Exercise instructions:
In the entries that follow, the first line to write out is the one containing "Kårnulf Was Here", and the last is the one containing "Matematika pro 5.ročník ZŠ - učebnice". Reproduce that stretch exactly, with nothing before or after it.

Data shown:
"""
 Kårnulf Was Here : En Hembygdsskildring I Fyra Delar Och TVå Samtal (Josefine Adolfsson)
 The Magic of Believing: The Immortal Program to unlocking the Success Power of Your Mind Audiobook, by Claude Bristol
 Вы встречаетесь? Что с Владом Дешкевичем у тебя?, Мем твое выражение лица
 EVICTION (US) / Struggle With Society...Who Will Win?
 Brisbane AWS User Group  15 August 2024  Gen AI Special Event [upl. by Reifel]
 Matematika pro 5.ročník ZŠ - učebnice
"""
"""
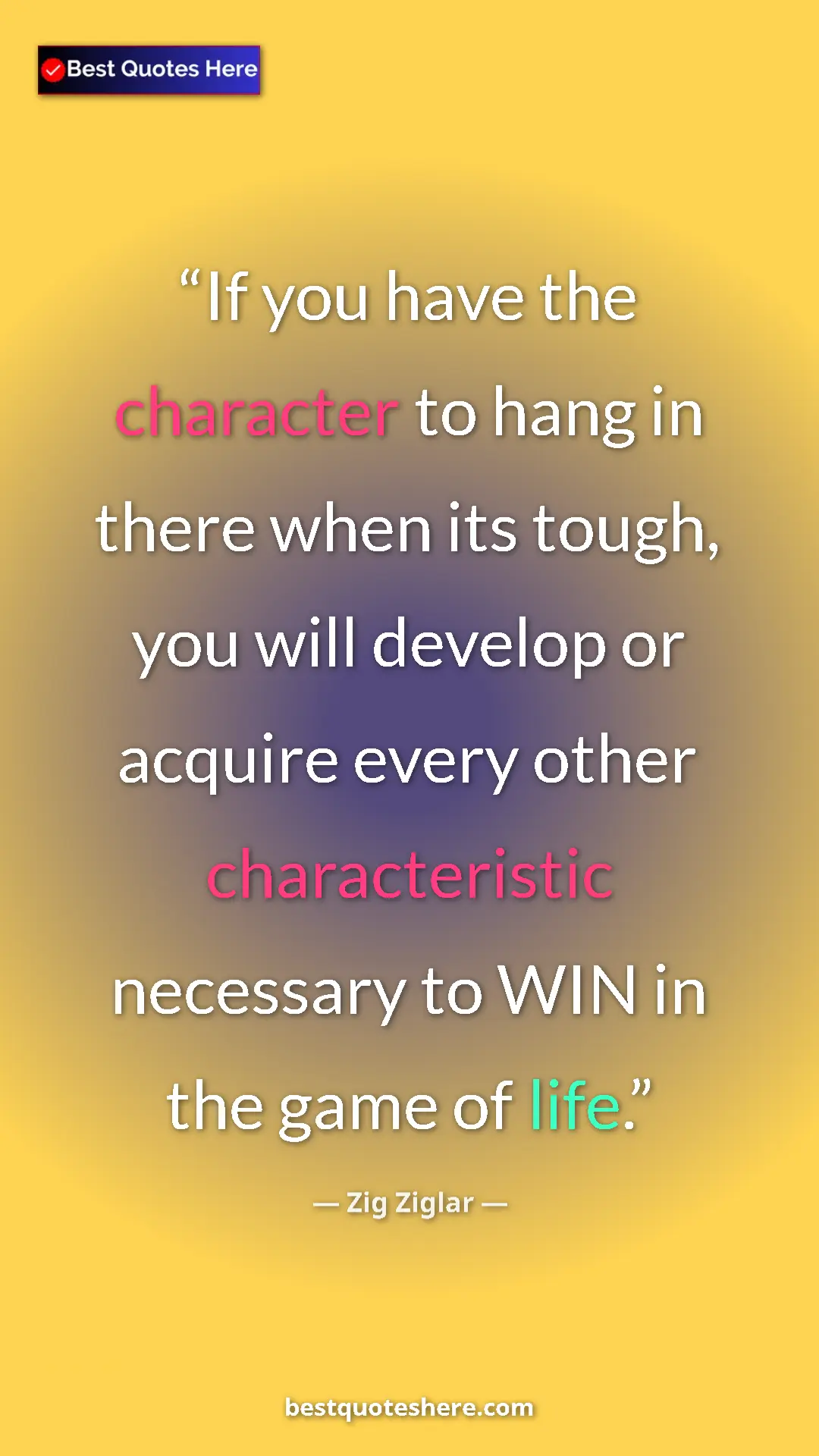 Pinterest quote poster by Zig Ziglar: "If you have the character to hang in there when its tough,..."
"""
"""
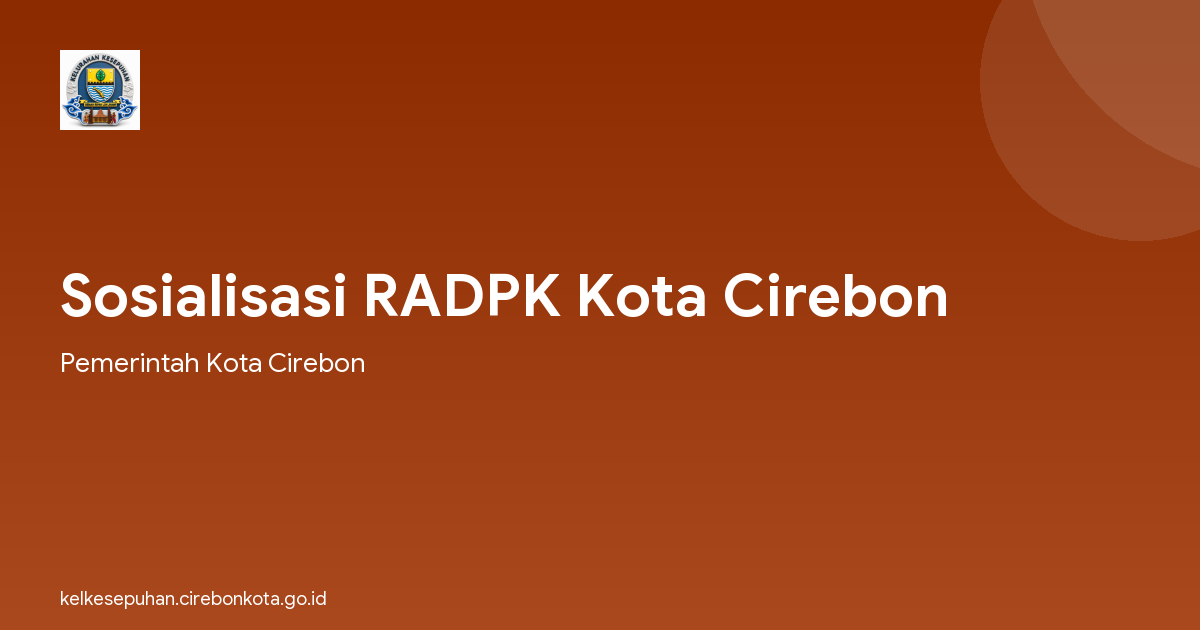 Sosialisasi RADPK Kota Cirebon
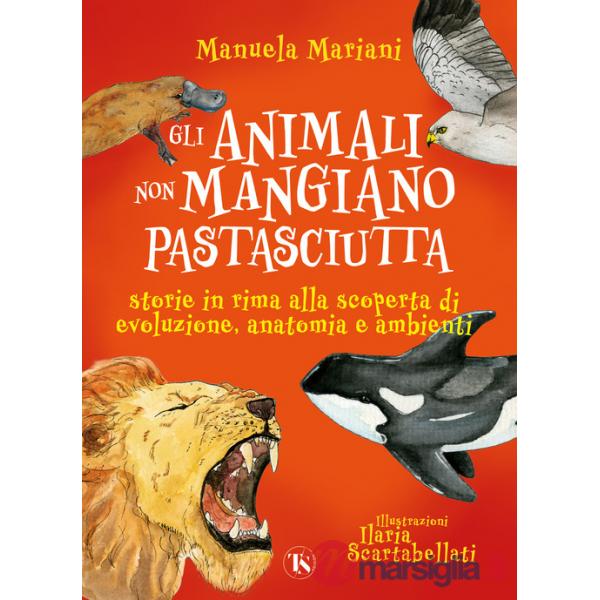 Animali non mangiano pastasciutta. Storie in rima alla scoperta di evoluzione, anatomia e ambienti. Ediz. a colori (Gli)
"""
Exercise response:
 Kårnulf Was Here : En Hembygdsskildring I Fyra Delar Och TVå Samtal (Josefine Adolfsson)
 The Magic of Believing: The Immortal Program to unlocking the Success Power of Your Mind Audiobook, by Claude Bristol
 Вы встречаетесь? Что с Владом Дешкевичем у тебя?, Мем твое выражение лица
 EVICTION (US) / Struggle With Society...Who Will Win?
 Brisbane AWS User Group  15 August 2024  Gen AI Special Event [upl. by Reifel]
 Matematika pro 5.ročník ZŠ - učebnice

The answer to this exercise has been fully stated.